Berlin Journal
- Type: Weekly newspaper
- Owner(s): Tom and Pam Finger
- Publisher: Tyler Gonyo
- Editor: Scott Mundro
- Founded: 1881
- Headquarters: 301 June Street, P.O. Box 10, Berlin WI 54923
- City: Berlin, Wisconsin
- Country: United States
- Circulation: 2,192 (as of 2022)
- ISSN: 8755-4003
- OCLC number: 11292002
- Website: theberlinjournal.com

= Berlin Journal =

The Berlin Journal, formerly The Berlin Evening Journal, is a weekly newspaper published in Berlin, Wisconsin. It is owned by the Berlin Journal Company Inc, which publishes five weekly newspapers in the Green Lake County, Wisconsin area,

==History==
The newspaper began in 1870. The Journal's editor in 2001 was Robert Gonyo.
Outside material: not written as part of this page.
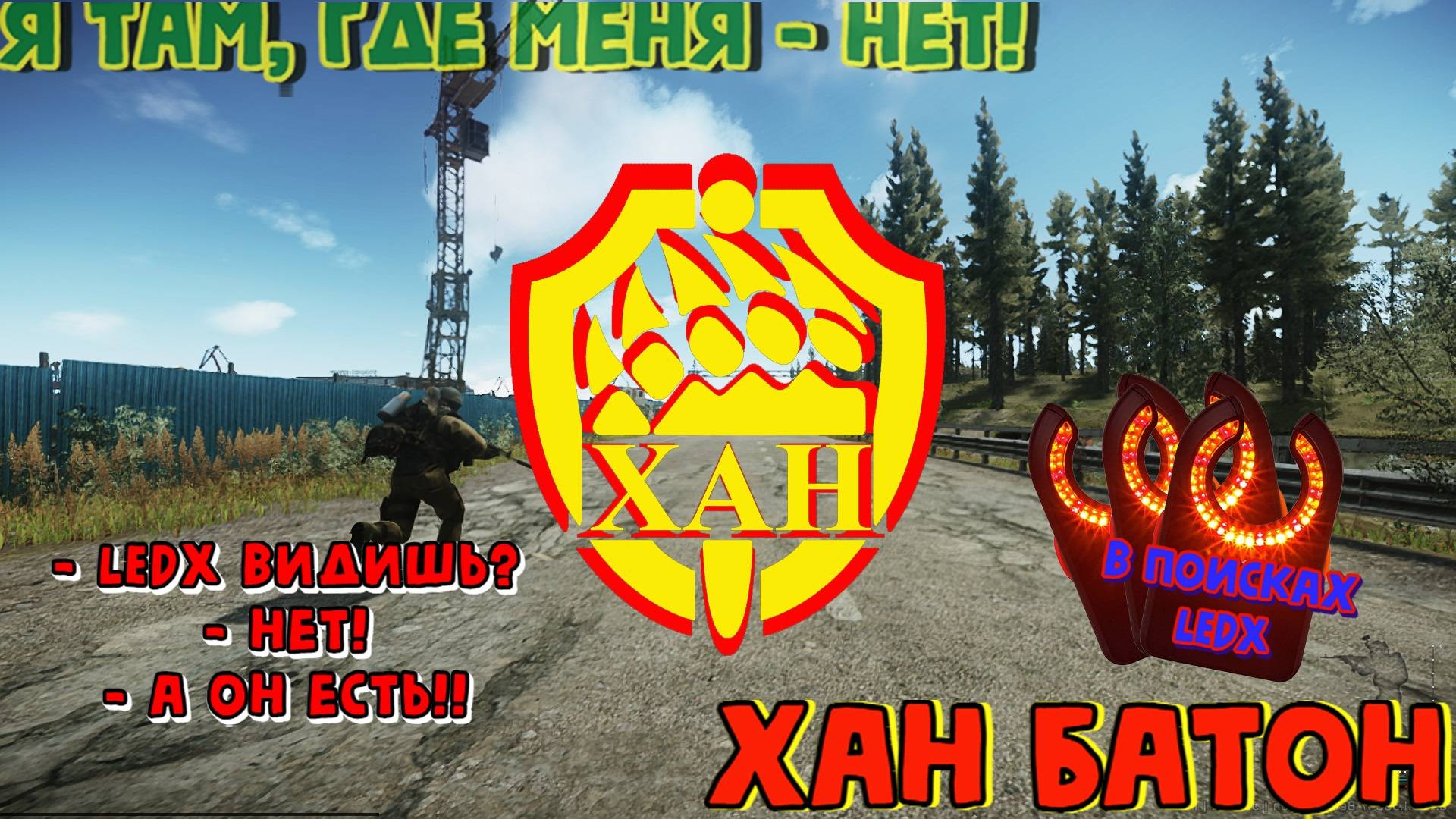 В Поисках LEDX | Escape from Tarkov | Побег из Тарков | ХАН БАТОН | XAH 6ATOH | #Stream #Стрим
In 2025, the Berlin Journal Company Inc. was sold to Finger Printing and Publishing, Inc., owned by Tom and Pam Finger.

==Company profile==
The Berlin Journal Company Inc. estimates annual sales of $5 to 10 million and employs approximately 20 to 49 people. The company president is Tyler Gonyo.